◆ **THE PROBLEM**:
Write the listing out again word for word, skipping each picture.

· · ·

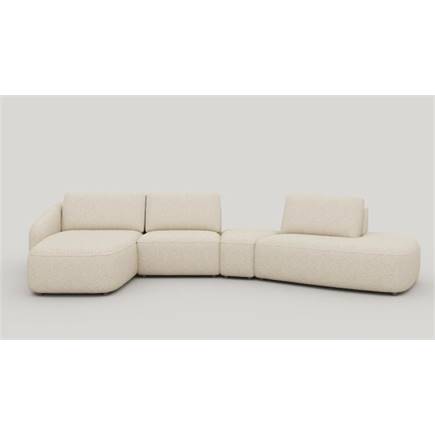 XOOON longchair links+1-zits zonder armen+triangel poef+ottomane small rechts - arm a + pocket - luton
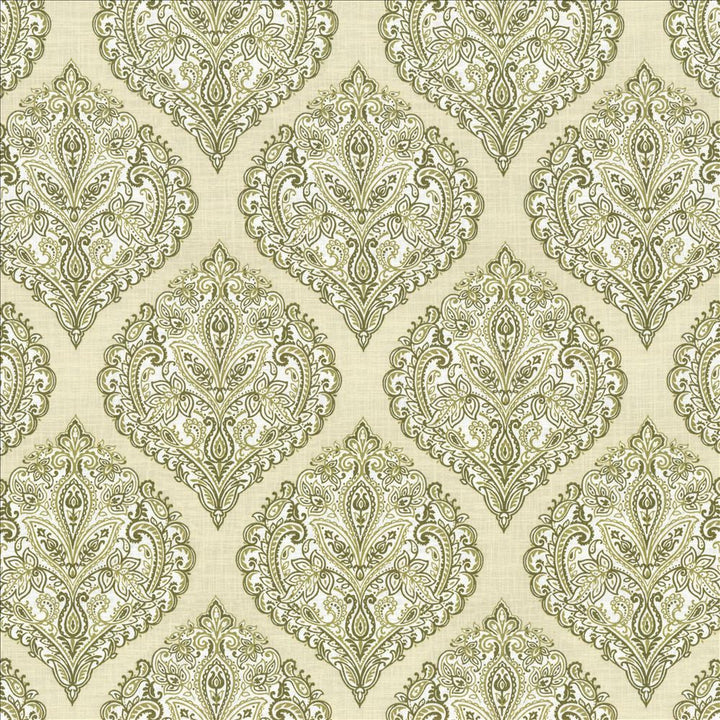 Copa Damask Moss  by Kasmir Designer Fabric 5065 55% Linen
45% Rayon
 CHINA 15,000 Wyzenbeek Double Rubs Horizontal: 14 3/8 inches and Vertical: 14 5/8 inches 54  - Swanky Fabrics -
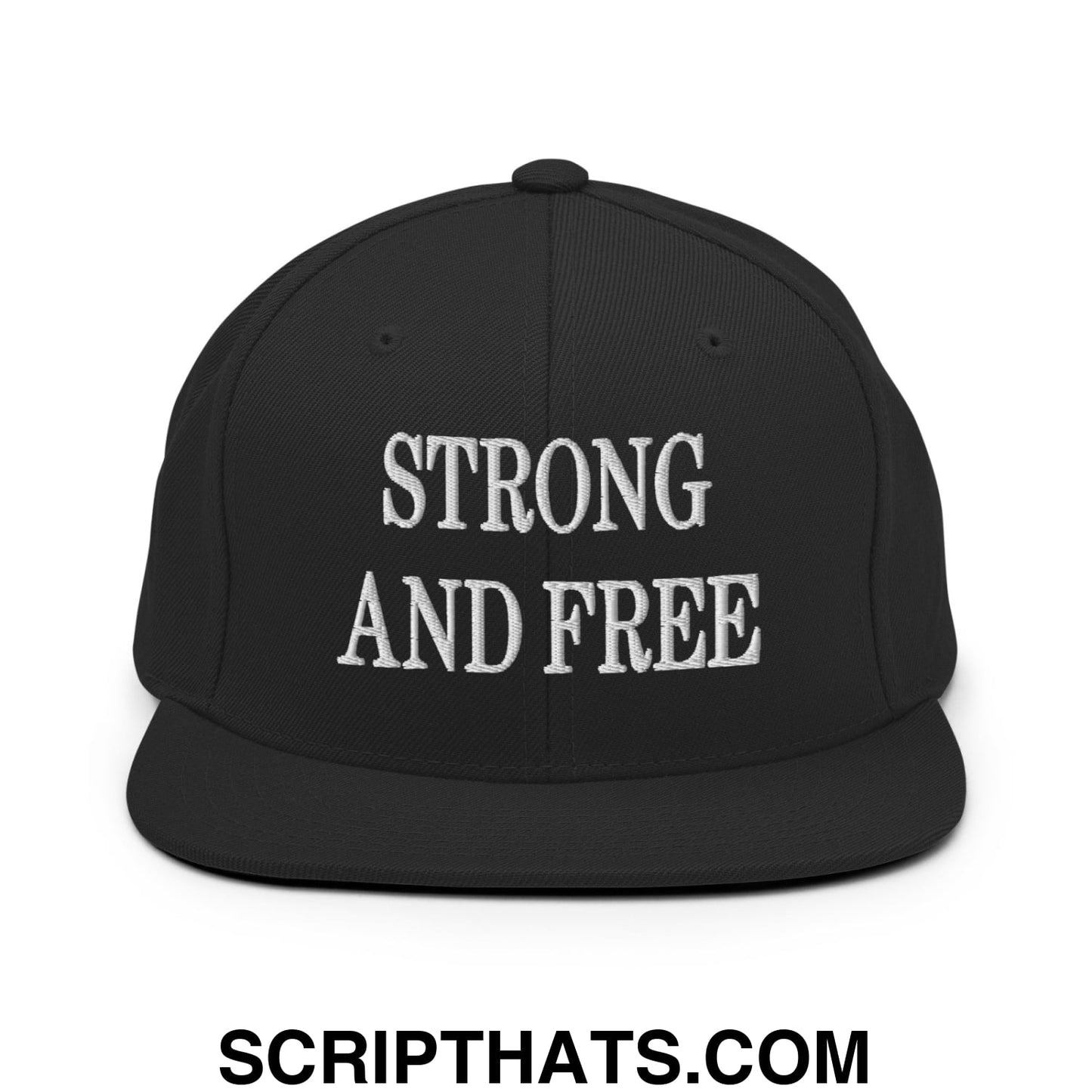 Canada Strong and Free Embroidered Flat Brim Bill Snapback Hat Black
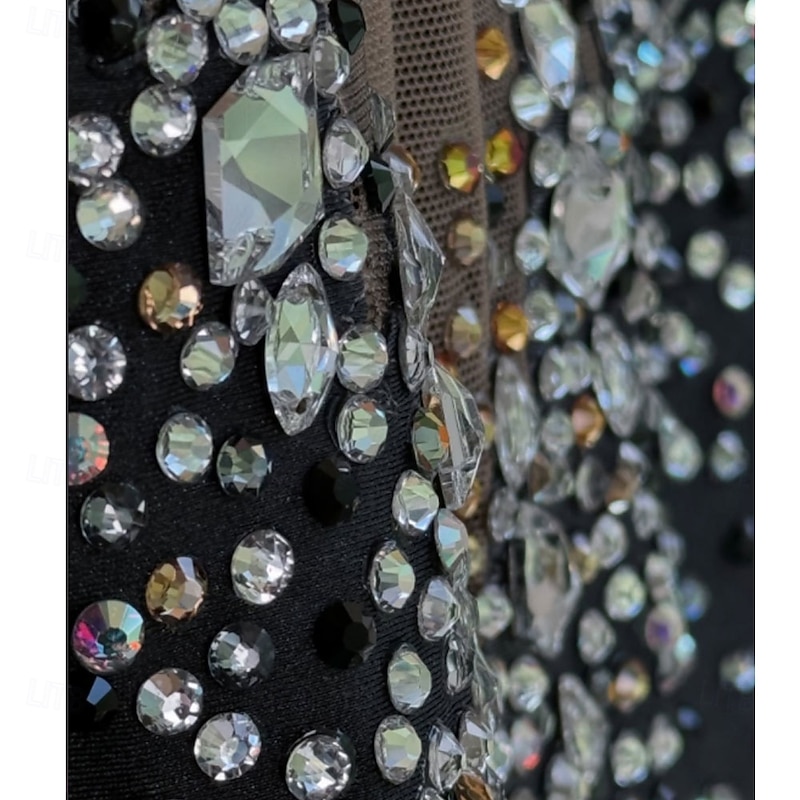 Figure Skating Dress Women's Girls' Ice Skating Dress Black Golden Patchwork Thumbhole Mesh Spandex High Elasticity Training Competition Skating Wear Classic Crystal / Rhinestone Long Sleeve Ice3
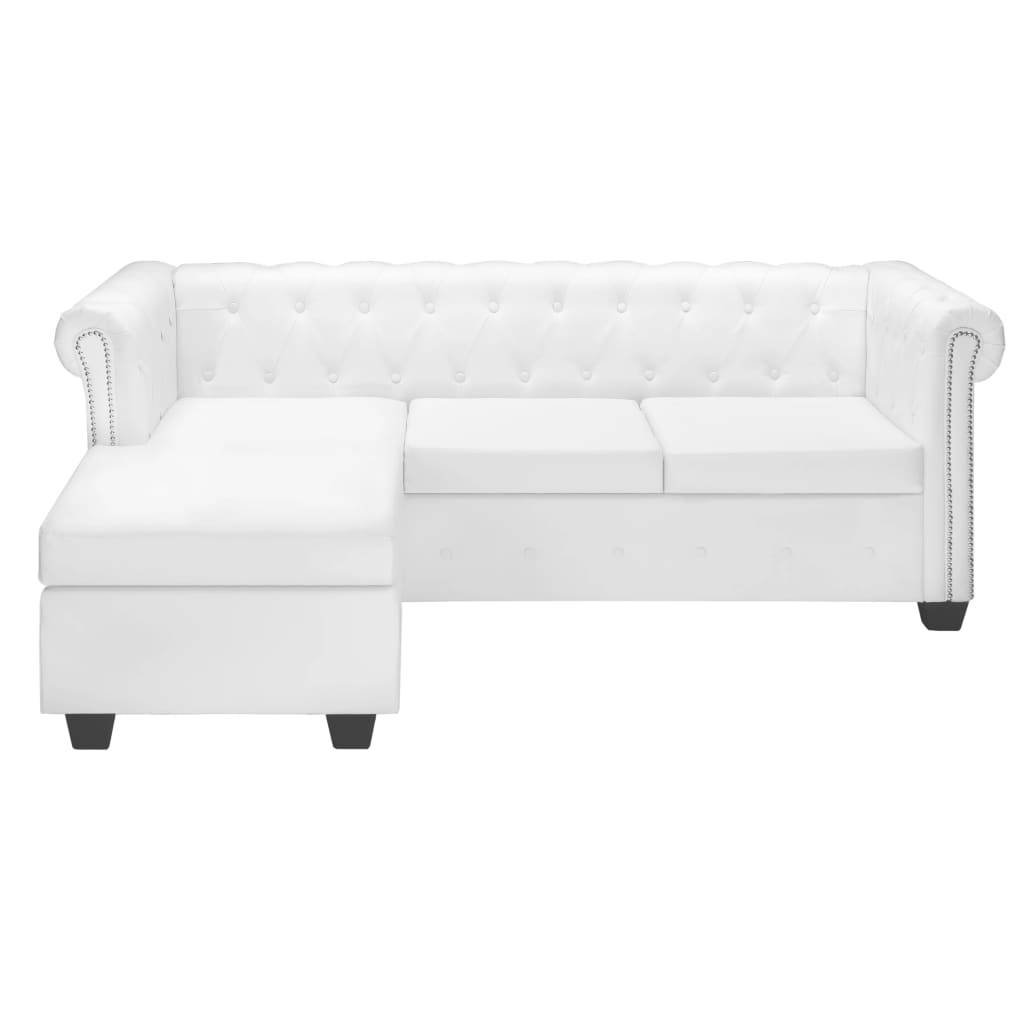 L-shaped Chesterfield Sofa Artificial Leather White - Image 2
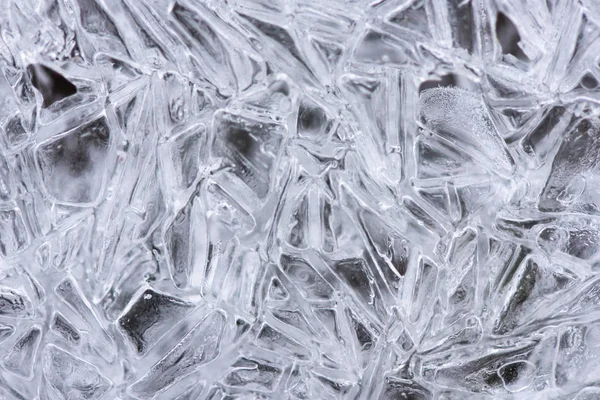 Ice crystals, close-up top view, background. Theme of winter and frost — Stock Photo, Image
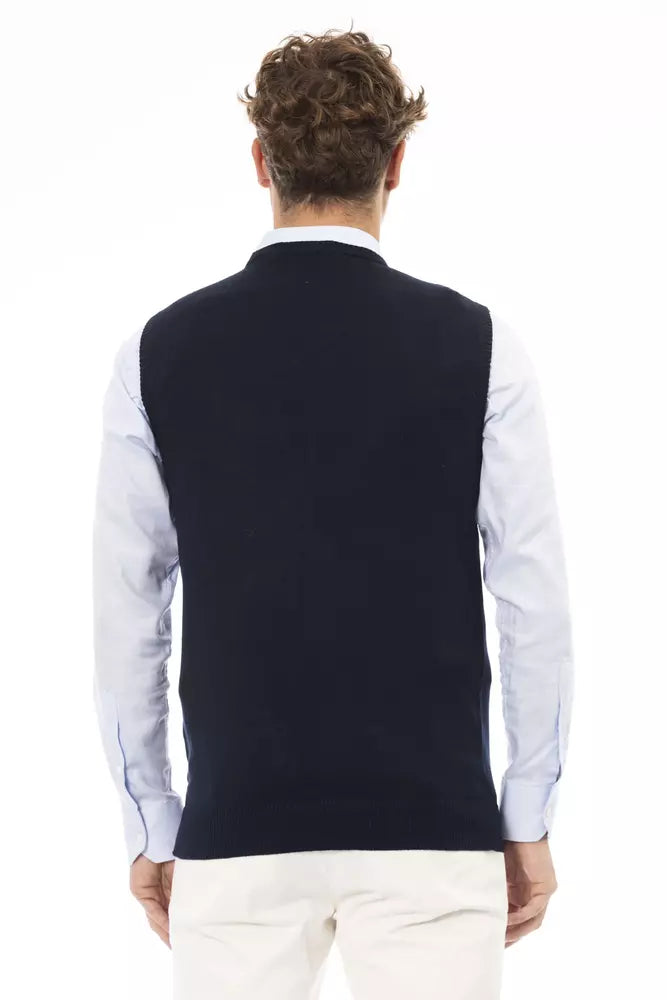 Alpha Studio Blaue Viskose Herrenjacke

· · ·

◆ **TASK SOLUTION**:
 XOOON longchair links+1-zits zonder armen+triangel poef+ottomane small rechts - arm a + pocket - luton
 Copa Damask Moss  by Kasmir Designer Fabric 5065 55% Linen
45% Rayon
 CHINA 15,000 Wyzenbeek Double Rubs Horizontal: 14 3/8 inches and Vertical: 14 5/8 inches 54  - Swanky Fabrics -
 Canada Strong and Free Embroidered Flat Brim Bill Snapback Hat Black
 Figure Skating Dress Women's Girls' Ice Skating Dress Black Golden Patchwork Thumbhole Mesh Spandex High Elasticity Training Competition Skating Wear Classic Crystal / Rhinestone Long Sleeve Ice3
 L-shaped Chesterfield Sofa Artificial Leather White - Image 2
 Ice crystals, close-up top view, background. Theme of winter and frost — Stock Photo, Image
 Alpha Studio Blaue Viskose Herrenjacke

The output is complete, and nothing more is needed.